A falta de referências femininas é um ponto observado pelos pesquisadores para distanciar as garotas do universo dos números e tubos de ensaio. Na história, a primeira mulher a se destacar nas ciências e a receber o Prêmio Nobel nas áreas de Física (1903) e Química (1911) e também a receber a dupla premiação foi Marie Curie (1867 – 1934). Só outras três mulheres conquistaram a façanha na área de física e outras cinco na área de química ao longo de 120 anos de premiação.

Em 2019, pela primeira vez o Prêmio Abel, considerado o "Nobel" da Matemática, teve uma vencedora: Karen Keskulla Uhlenbeck.
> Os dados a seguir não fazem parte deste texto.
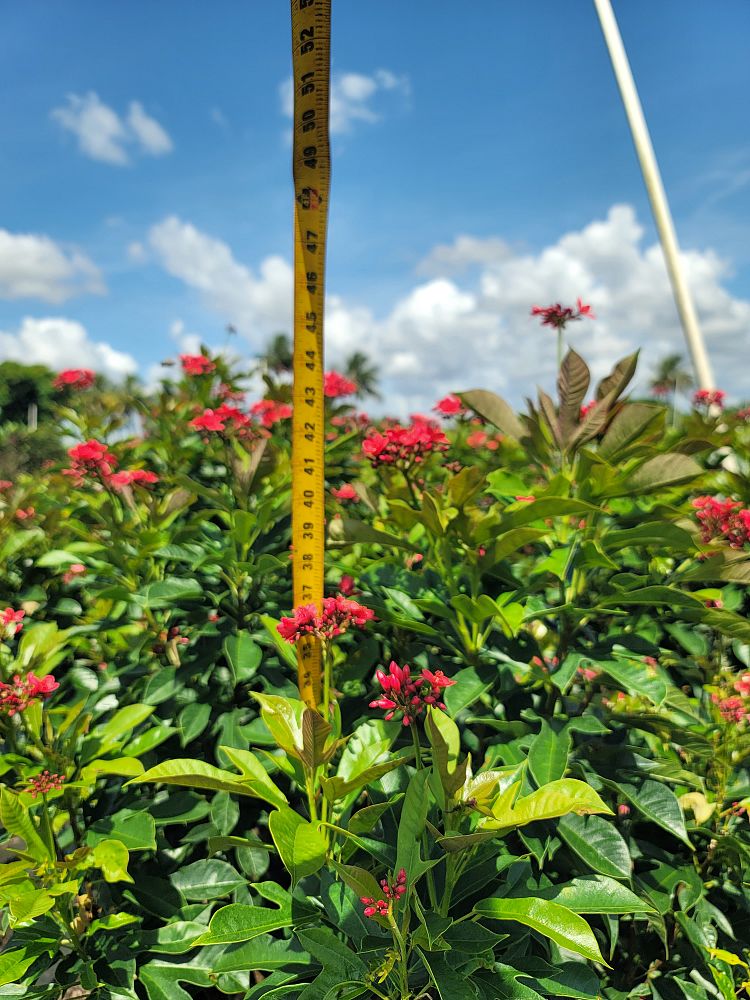 jatropha-pandurifolia-fiddleleaf-jatropha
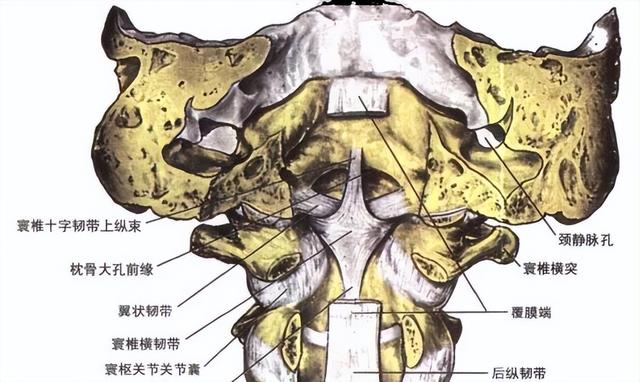 后纵韧带解剖图，颈椎的韧带有哪些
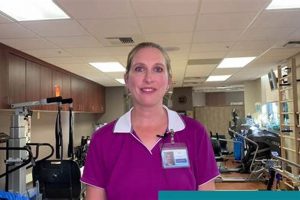 Lourdes Physical Therapy Physical Health & Fitness – Boost Your Body, Energy, and Wellbeing Lourdes Physical Therapy | Physical Health & Fitness – Boost Your Body, Energy, and Wellbeing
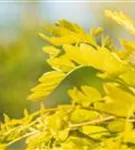 Lederhülsenbaum 'Sunburst' - Gleditsia triacanthos 'Sunburst' - Formgehölze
A americana de 76 anos recebeu a premiação das mãos do Rei Harald V da Noruega pelas "conquistas pioneiras sobre equações diferenciais parciais geométricas". Ou seja, pelas pesquisas de destaque na área de geometria.  

Karen Keskulla Uhlenbeck primeira mulher a levar o prêmio Abel (Institute for Advanced Study/Divulgação)

Karen Keskulla Uhlenbeck primeira mulher a levar o prêmio Abel

Institute for Advanced Study/Divulgação

Professora da Universidade do Texas em Austin (EUA), Karen é uma das fundadoras da análise geométrica moderna e conduziu alguns dos avanços "mais espetaculares" nesse campo nos últimos 40 anos, revolucionando a forma de entender esse estudo.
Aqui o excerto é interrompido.